To do the figuring, we turn today to Mark Kishlansky’s estimable A Monarchy Transformed. The volume is subtitled, “Britian 1603-1714,” which tells us we are considering the Stuart dynasty of England and Scotland. It is an enormously rich era that in addition to political matters takes in everything from Milton and Pepys to Newton and the calculus, to the Great Fire and the plague. It is easy for an historian to get lost in all that material. Kishlansky’s title tips his solution to the complexity: he focuses on the challenges experienced by the institution of monarchy during the period, and he does not allow personalities or interesting events to deflect or delay him. If that sounds boring, fear not: it turns out the author’s approach is a sound one, and there is plenty of “juice” to keep the pages turning.

O.K. (the plucky reader might say), game on: how did a Scotsman wind up on the throne of England?
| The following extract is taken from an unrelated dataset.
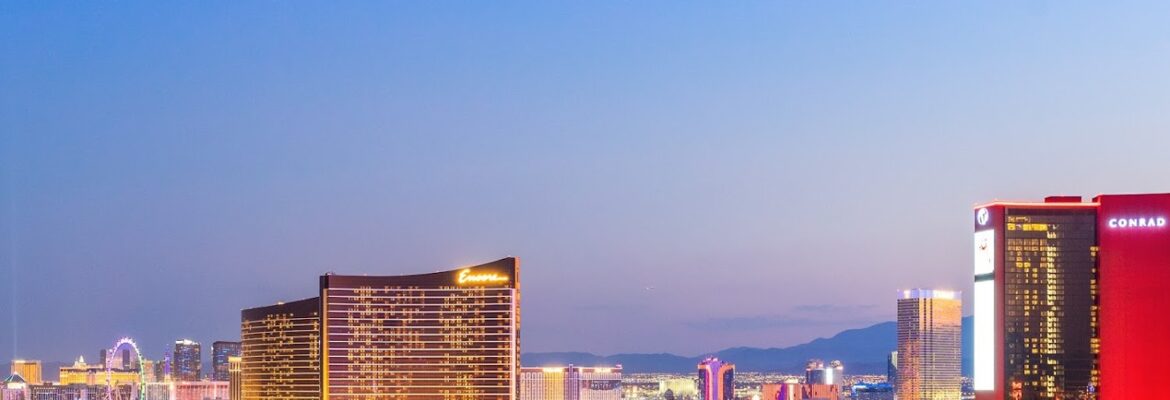 Wood Home Photography | Las Vegas Real Estate Photography Aerial & Video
On one level, that’s easy: Elizabeth I of England (“the Virgin Queen”) died leaving no heir to the throne, and James VI of Scotland was the next guy in the line of succession. That statement elides a number of issues, however. First of all, James’s mother, Mary of Scotland, had been rather famously Catholic and used religion to stir up trouble for the English…you would think religion would be disqualifying. Scotland, however, was deeply Presbyterian and James had been raised since infancy by Presbyterian regents, so at least he was Protestant. Presbyterians, however, do not believe in the episcopy — the bishops, the “princes of the church” — and Anglicans do; in fact, the bishops were members of the House of Lords. Conversely, English Catholics felt themselves oppressed under Elizabeth and hoped that James, of a Catholic mother, might prove more sympathetic, which is just what the rest of the country was afraid of. While James’s religion made his reign possible, there were significant remaining religious differences that later boiled over as part of the English Civil War.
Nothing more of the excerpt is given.